Разумеется, я не остановилась на достигнутом, продолжая совершенствовать и закреплять полученный навык. Ослабляя и усиливая нажим, сопровождая трение легкими толчками, мне удавалось отодвигать, продлевать и усиливать наслаждение, играть с ним, как бывалый серфер играет с волнами. Я узнавала свое тело, и тело платило мне благодарностью, становясь еще более чувствительным, еще более отзывчивым на ласку.

С Игорем мне больше не удавалось остаться наедине, хотя он регулярно провожал меня из школы, водил в кафе и даже один раз – на концерт заезжей звезды. Там, на концерте, мы долго целовались, в очень шумном, пронизанном лучами стробоскопов зале, и продолжили это занятие в моем подъезде, на верхнем техническом этаже, куда редко кто ходил.

Там было тепло, пахло кошками и застоявшимся сигаретным дымом. Игорь снял куртку и постелил ее на подоконник. Я села и предложила Игорю сесть рядом со мной, но он отказался и так удачно встал, что оказался между моими ногами. Я почувствовала, какие сильные и мускулистые у него бедра. Непроизвольно я сжала его ногами – как говорят наездники, взяла в шенкеля.

Он правильно истолковал это непроизвольное движение – крепость выбросила белый флаг и сдавалась на милость победителя.

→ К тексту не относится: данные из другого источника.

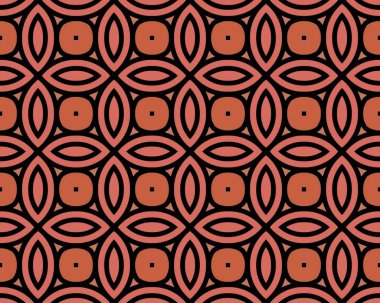 Dairesel süslemeli pürüzsüz bir fayans deseni.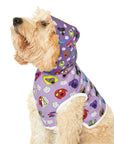 Dog Hoodie (Colorful Doodles Purple Mix) - Radiant Dogs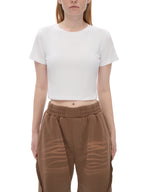 Chosen Fitted Crop Cotton T-Shirt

Руки у него были такие горячие, что жгли меня через одежду. Внизу то и дело раздавались шаги, слышались звонки, звуки открываемых дверей, голоса… На время мы замирали, готовые разомкнуть объятия и отпрянуть друг от друга, если бы кому-нибудь пришло в голову подняться в наше убежище. Правда, на этом этаже никто не жил, но сюда мог бы зайти кто-то из соседей – например, одинокая библиотекарша Изольда в поисках сбежавшей кошки Муренки или старый хрыч Анатолий, злостный курильщик дешевых сигарет. Но шаги стихали, и мы снова сливались в поцелуях, от которых у меня уже болели губы… Это снова была схватка, но на этот раз мы с Игорем сражались на одной стороне, побеждая неловкость ситуации, неудобства подъезда, собственную скованность и, прежде всего, мою одежду. Сообща победили оба сапога – их было непросто стащить из-за узких голенищ, облегавших мои крепкие ножки, как перчатки. С колготками Игорь справился самостоятельно, а я украдкой стащила и спрятала в карман трусики – мне стыдно было, что они насквозь промокли.